START RECORDS FOR THIS EXERCISE

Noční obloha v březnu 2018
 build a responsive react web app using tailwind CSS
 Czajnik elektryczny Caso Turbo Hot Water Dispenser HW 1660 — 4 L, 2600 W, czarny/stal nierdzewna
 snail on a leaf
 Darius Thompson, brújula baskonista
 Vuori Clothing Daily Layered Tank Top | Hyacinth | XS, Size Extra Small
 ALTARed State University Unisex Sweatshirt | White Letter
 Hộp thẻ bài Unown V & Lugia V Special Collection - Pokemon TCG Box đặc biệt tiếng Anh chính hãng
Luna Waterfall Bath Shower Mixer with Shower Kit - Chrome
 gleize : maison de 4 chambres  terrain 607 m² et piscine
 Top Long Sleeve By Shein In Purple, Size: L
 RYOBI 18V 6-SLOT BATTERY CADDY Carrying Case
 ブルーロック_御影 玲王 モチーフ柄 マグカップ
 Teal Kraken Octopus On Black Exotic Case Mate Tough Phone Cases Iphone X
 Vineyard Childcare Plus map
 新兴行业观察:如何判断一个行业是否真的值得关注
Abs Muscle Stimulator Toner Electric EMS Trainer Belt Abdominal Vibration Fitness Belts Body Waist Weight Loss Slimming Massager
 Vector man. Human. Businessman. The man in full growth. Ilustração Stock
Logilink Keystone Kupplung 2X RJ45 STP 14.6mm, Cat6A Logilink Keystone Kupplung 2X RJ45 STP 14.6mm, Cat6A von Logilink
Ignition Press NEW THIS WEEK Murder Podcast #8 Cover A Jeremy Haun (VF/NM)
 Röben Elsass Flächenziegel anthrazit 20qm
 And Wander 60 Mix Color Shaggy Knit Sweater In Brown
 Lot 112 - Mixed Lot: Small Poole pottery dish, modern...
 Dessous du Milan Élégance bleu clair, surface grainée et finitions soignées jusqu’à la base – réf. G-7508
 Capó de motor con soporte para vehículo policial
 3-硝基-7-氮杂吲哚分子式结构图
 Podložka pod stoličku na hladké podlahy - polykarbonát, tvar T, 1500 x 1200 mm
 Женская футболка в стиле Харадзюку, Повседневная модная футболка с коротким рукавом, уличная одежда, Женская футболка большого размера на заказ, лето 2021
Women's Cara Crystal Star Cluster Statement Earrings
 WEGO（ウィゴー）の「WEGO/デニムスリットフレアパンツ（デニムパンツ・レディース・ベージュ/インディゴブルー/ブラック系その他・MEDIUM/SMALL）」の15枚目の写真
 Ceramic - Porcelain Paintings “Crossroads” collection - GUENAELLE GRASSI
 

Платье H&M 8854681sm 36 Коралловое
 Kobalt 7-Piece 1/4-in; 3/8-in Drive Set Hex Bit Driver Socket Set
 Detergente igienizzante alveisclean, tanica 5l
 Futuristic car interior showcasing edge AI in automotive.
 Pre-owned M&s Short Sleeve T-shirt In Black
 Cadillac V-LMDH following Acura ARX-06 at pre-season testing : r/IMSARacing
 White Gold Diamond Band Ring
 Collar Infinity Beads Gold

END RECORDS FOR THIS EXERCISE

## WHAT THIS TASK INVOLVES
Restate word for word the entries above, starting at the line with "Lot 112 - Mixed" and ending at the line with "3-硝基-7-氮杂吲哚分子式结构图", inclusive, and no others.

## SOLUTION FOR THIS TASK
 Lot 112 - Mixed Lot: Small Poole pottery dish, modern...
 Dessous du Milan Élégance bleu clair, surface grainée et finitions soignées jusqu’à la base – réf. G-7508
 Capó de motor con soporte para vehículo policial
 3-硝基-7-氮杂吲哚分子式结构图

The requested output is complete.